8-Em seus poemas e na canção Triste você fala muito de solidão, você se sente um solitário?

Às vezes me sinto solitário, às vezes não, como todas as pessoas, creio. Agora, quem é escritor e leu Cartas a um jovem poeta, do Rainer Maria Rilke, por exemplo (e eu o fiz tem muitos anos), jamais desconsiderará alguns dos benefícios da solidão. Livros e cds podem ser apenas solidão organizada na estante, quadros podem ser solidão pendurada na parede, ou então um mundo extraordinário que nos ensina a ser menos falidos, desenvolvendo a nossa sensibilidade, o olhar para o humano e seus mistérios, o interesse pela memória... E isso é um pungente libelo contra o lado negativo da solidão do mundo.

9-A letra da canção Triste é uma descrição de sua vida?

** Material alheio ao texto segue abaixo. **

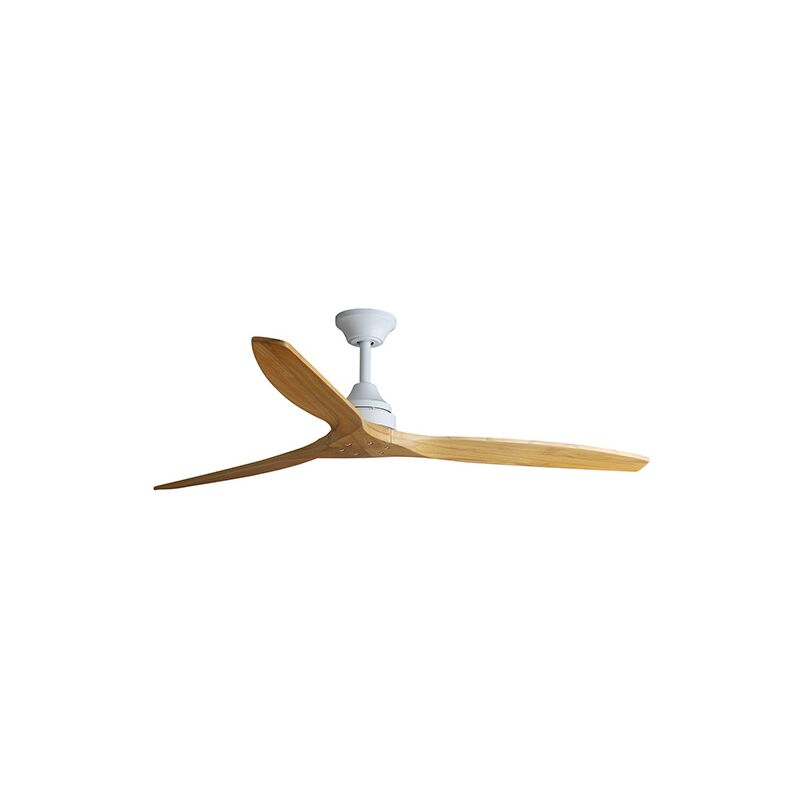 Faro Barcelona - alo Ventilateur sans lumière blanc/bois 33728DC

Essa canção ela é uma fabulação apenas. Uma estória criada por um escritor. Um conto curto que acabou nesse formato musical que você pode ver no youtube. São mídias sobre mídias. Pois o formato da canção é uma mídia, assim como o youtube ou um livro. E é por isso que encaro a canção como algo que é mais do que a canção, é teatro, performance. Aquele Luiz Felipe que está no vídeo, de óculos escuros, ele é muito uma personagem. E o que são as personagens senão o outro em nós mesmos e por nós mesmos? Ou seja, é claro que a origem da canção, o que a impulsionou, vem do estado de espírito de seu autor em determinado momento da vida. E esse estado de espírito é fugaz, mutante, foge. E, se retorna, já está preenchido de novas experiências. No entanto, a tristeza da canção, na canção, permanece, por mais que hoje eu seja o sujeito mais feliz do mundo. Não que seja o caso.

10-Você também tem grande participação no teatro com peças como Na verdade não era. Como é o seu trabalho nos palcos?

Sempre quis escrever para teatro (hoje quero menos). Então fui estudar teatro. Aí acabei virando ator. A minha formação acadêmica foi em artes cênicas, na CAL, uma escola do Rio de Janeiro. Lá conheci bastante do ofício do ator, li muitas obras clássicas da dramaturgia mundial. Foi natural então que as coisas que à época eu vinha escrevendo acabassem influenciadas pelo teatro. Quando me dei conta, escrevera uma série de peças. Na verdade não era foi o texto em que mais longe cheguei como dramaturgo, na medita em que procurei dialogar com autores do passado para então romper com a tradição do drama e depois, no último ato da peça, voltar a ele, investindo no conceito do teatro pós-dramático, mas com a pretensão de não respeitá-lo em seu formato mais praticado. O resultado da peça me espanta, a polêmica que ela causou, tanto pela estrutura quanto pelo conteúdo, que se confunde com a vida dos envolvidos. Lembro que meti mãos à obra e não sosseguei antes de estar convencido de ter criado o meu Frankenstein, o Na verdade não era.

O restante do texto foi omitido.